L’Université Paris 8 se donnait à l’origine pour projet de défaire les cadres académiques, d’incarner un espace alternatif, autre, susceptible de déstabiliser l’institution en  faisant circuler, dans l’espace intellectuel, d’autres manières de penser et d’écrire. Or le mimétisme du département de Paris 8 envers Sciences Po Paris montre la rupture avec cette ambition d’origine. En courant après Sciences Po, en érigeant ce modèle comme constituant ce à quoi il faudrait ressembler, cette université montre qu’elle est désormais en quête de respectabilité interne et de notabilité académique. Au lieu d’essayer d’incarner et de faire vivre un contre-monde, elle s’affirme comme faisant partie du même monde, du même espace, de la même famille que Sciences Po (Il est d’ailleurs très connu que beaucoup d’enseignants à Paris 8, notamment en science politique ou en sociologie, vivent cette situation comme une relégation, une situation un peu honteuse et dégradante par rapport à l’image qu’ils ou elles ont d’eux-mêmes, ce qui explique à la fois leur ressentiment et leur volonté de normaliser leur département pour se notabiliser en tentant de renvoyer au passé l’image « marginale » de cette Université.)

Quelle régression que de s’appeler « Science Po », que de mimer cette marque quand on est Paris 8 –  et qu’on devrait donc s’acharner à ressembler à tout sauf à une telle institution, dont on ne peut que déplorer le niveau intellectuel, les orientations théoriques et la ligne politique – que l’on relise les remarques dévastatrices de Bourdieu sur la science politique version Sciences Po ! Que le département de Science Politique de Paris 8 se nomme, de manière autonome et volontaire, de cette façon montre tout ce à quoi il a renoncé ; cela illustre sa participation objective, aujourd’hui, à  la conservation de l’ordre universitaire, à sa reproduction à l’identique, à ce que j’appelais dans Logique de la création l’auto-normalisation de l’avant-garde, processus très grave puisqu’il nuit au pluralisme du champ académique – et donc au pluralisme intellectuel : rien ne ressemble plus aujourd’hui au département de Science Politique de Paris 8 que celui de Paris 1, où l’on enseigne des choses assez semblables qu’à Sciences Po (on pourrait faire le même raisonnement en sociologie et sans doute dans d’autres disciplines). Il n’y a plus que Sciences Po pour croire qu’ils sont encore différents !

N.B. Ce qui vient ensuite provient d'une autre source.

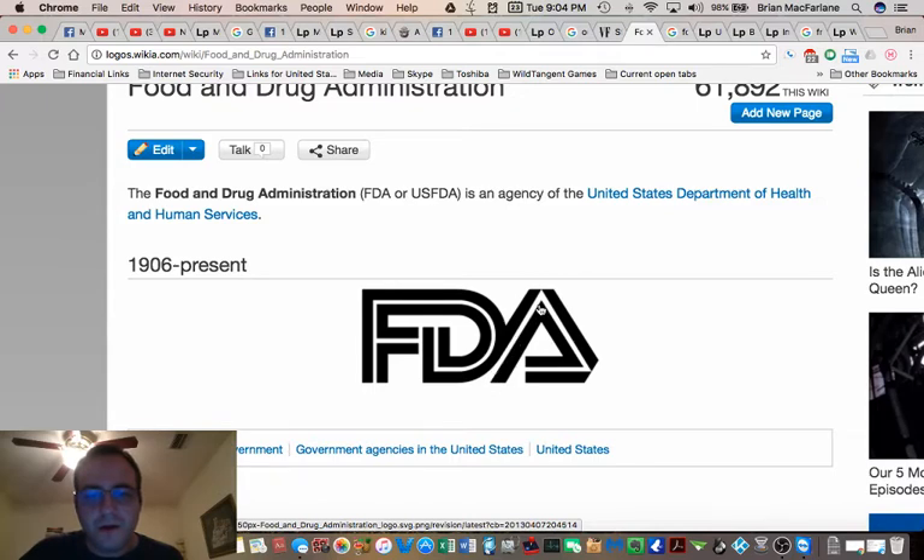And now the A. This A looks very familiar — you guys have probably seen this A all over the place. You can see it in TV shows like Battlestar Galactica.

Que Sciences Po Paris puisse se sentir « concurrencé » par Paris 8 est avant tout triste pour Paris 8, et, plus généralement, finalement, pour nous tous, étant donné ce que cela révèle sur le devenir de cette université en particulier et de l’université en général en France aujourd’hui.

On pourrait dire les choses autrement : Sciences Po tient à refuser toute ressemblance avec Paris 8 ou d’autres universités. Dans ce cas,  Paris 8 devrait être fier de ce rejet. Ce qui est accablant pour eux, c’est que non seulement ils n’en sont pas fiers mais qu’en plus ils s’en plaignent.